• Editoral: Pondering the Peak

    Won't be reviewing a comic today. Instead, I'd like to share my thoughts on a topic that's been popping up this week.

    Check out the full editorial after the break! 

    Two days ago, ABagOVicodin posted an editorial on Duo Cartoonist's intention to stop producing pony-related animations. Many of the points he brought up resonated with me. The idea that a creative should not feel imprisoned by one form of expression, or the acknowledgement that people will grow and transition though the audience might not follow. All of these are considerations that creatives face.

    Yet there were some words and phrases that stood out for me. Particularly this statement:
    The fandom has peaked. My Little Pony: Friendship is Magic has had a long run, and that run is continuing, since we have a whole new season up on the horizon... But we have hit the drop, and now we’re riding the rollercoaster as long as it will take us.
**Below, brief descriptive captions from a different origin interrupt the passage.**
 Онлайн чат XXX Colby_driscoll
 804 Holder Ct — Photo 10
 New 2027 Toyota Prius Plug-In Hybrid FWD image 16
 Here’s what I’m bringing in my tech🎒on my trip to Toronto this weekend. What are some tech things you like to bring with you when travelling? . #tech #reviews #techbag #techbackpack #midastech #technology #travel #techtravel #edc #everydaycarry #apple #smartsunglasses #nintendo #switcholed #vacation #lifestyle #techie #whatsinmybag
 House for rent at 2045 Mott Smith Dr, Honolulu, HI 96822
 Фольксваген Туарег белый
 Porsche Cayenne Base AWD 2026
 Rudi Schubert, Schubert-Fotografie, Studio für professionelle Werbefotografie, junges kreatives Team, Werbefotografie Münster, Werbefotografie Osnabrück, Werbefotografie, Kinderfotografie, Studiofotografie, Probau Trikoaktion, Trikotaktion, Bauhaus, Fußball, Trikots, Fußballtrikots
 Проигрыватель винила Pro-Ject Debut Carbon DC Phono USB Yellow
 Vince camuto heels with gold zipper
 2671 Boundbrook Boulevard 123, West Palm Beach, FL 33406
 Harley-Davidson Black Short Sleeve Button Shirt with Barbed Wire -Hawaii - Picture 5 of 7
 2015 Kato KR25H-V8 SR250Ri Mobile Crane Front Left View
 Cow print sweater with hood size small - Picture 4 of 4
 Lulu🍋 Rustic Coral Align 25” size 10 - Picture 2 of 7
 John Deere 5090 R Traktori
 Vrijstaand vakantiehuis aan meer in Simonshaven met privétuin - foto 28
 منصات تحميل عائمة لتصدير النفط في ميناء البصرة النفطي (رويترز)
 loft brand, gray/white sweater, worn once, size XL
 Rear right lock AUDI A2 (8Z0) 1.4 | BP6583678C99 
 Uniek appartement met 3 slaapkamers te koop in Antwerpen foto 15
    There's a very fatalist tone there. Expressions like this make me wonder about past experiences and the nature of fandoms. I wonder about what lies ahead but also to look back on past fandoms which have never truly died out. Only changed.

    First I think it important to clarify some terms.

    Hardly a Hobby
    Vicodin's initial statement is that we are all hobbyists. When I hear the word "hobby" I imagine people who invest their free time into a pursuit. Perhaps it's collecting a rare item, or working on a mechanism, or creating something from scratch. The value of the work is dependent on the person, but the constant theme is that this is a free time pursuit.

    Looking at the Brony fandom, it may very well be a hobby for many. A form of entertainment to take in and enjoy but leave compartmentalized. Others don't just invest free time. They have made the time to create works that continue to surprise and impress. These are not works whipped up on a lazy afternoon. This is a concentrated effort that require time and energy, often demanding a personal cost, which one can only hope comes across to an audience.

    So I cannot use the term hobby for these efforts. They are expressions of people's effort and talent, and so I will call them such.

    Harwick's creation was one of the earliest fan artworks I saw.
    Even now I still find it sad and beautiful.
    Do Numbers Count? 
    Pun totally intended!

    Many people will point to view counts and subscriptions as a sign of success and failure, growth and entropy, etc. Conventions and websites like Equestria Daily rely on healthy attendance for both registration, commerce, and ad revenue. Bronycon 2016's attendance last year dropped by 2,500 and other conventions have noted a decrease.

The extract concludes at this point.